The town of Amalfi, now packed with tourists enjoying a gelato or an Aperol Spritz, was once a maritime power that lured traders from around the Mediterranean. One of the world’s first and biggest creators of paper, Amalfi declared itself a Republic 839 AD and issued its own gold currency, the Tari. It survived attacks over the centuries that followed from nearby powers including Republic of Pisa but two outbreaks of the plague and a devastating sea storm in the 14 th Century combined to end Amalfi’s Republican era. It returned to life as a sleepy fishing village until the area’s stunning beauty was discovered by travellers and poets in the 1800s, when a road was also constructed to link the fishing towns along the coast. Today they attract visitors from around the world.
CLIMATE/WHEN TO GO
April to June is the best time to visit to enjoy warm sunny weather while avoiding the tourist crush in July and August and oppressive heat later in the year.
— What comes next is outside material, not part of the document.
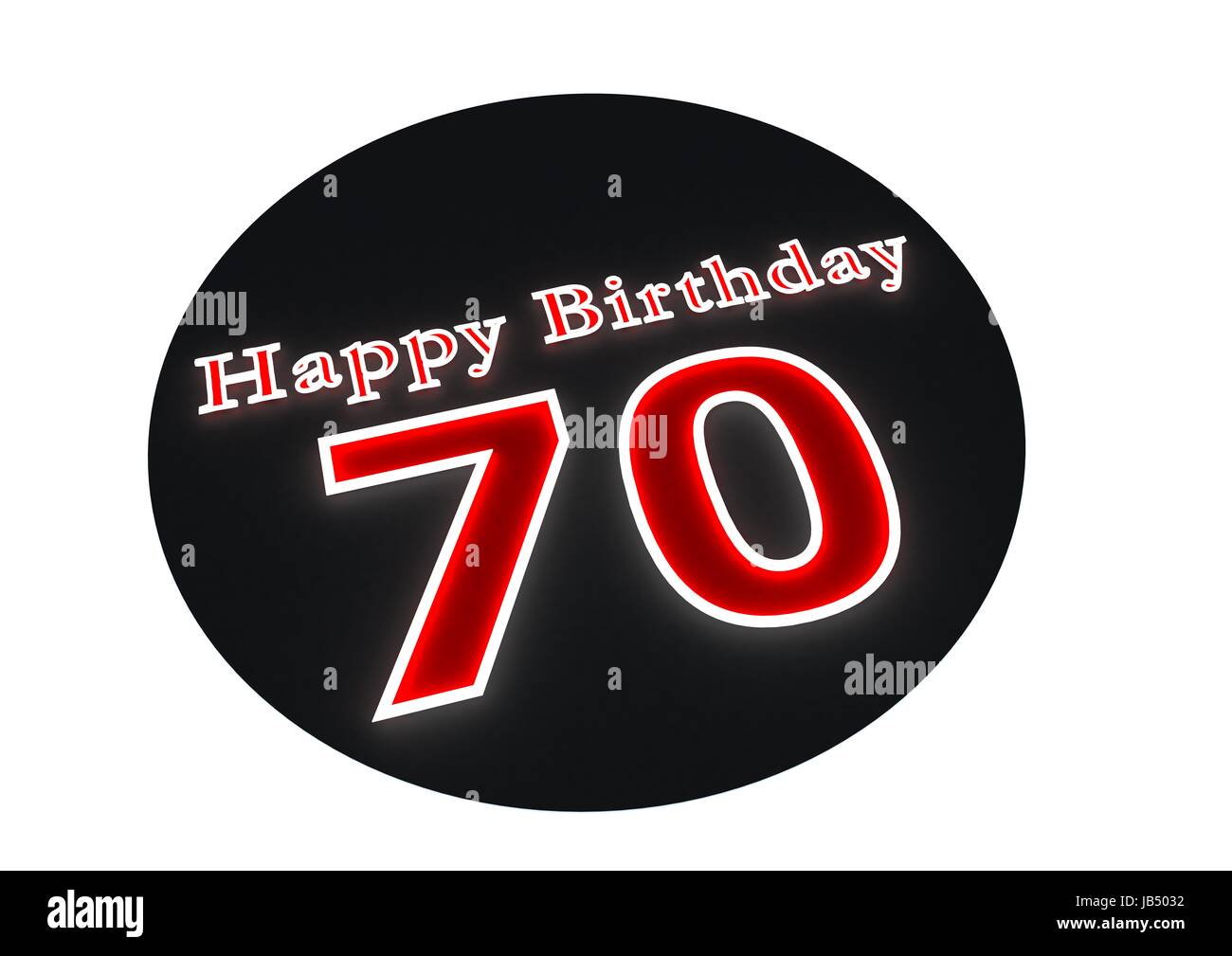 The lettering Happy Birthday as luminous wrting and the age with red background Stock Photo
Walking paths are mostly sign-posted and easy to follow, but the narrow streets and alleyways can be confusing. Maps and an international GPS app are helpful, and don’t be scared to ask for directions!
There are hundreds of hotels along the coast, including some budget options and plenty at the luxury end of the price scale. Air B&B or self-contained apartments are also popular. Glamping is an option, but leave your own tent at home.
From Rome take a train to Naples (about an hour), then a local Circumvesuviana train to Sorrento. From here buses and ferries take you to the towns of the Amalfi Coast.
WHERE TO EAT AND DRINK
Finding something to eat or drink in Italy is never a problem. Take some Euro with you on any walk to buy a limonata (soft drink made with the region’s sweet lemons) or slice of pizza at any of the towns you pass through. A gelato or granita (semi-frozen drink) are almost a must at the end of any summer walk.
A 1:50,000 map of Sorrento and the Amalfi Coast is available but for more detailed notes look for the Sunflower Sorrento-Amalfi-Capri guidebook. Hotels and tourist information centres hand out local maps and the staff are the best source of information – they are all very friendly so don’t hesitate to ask!
A valid passport is required for any Australian to visit Italy but not visa is needed for trips of less than 90 days. From 2021 a European ETIAS authorisation will become mandatory for all visitors.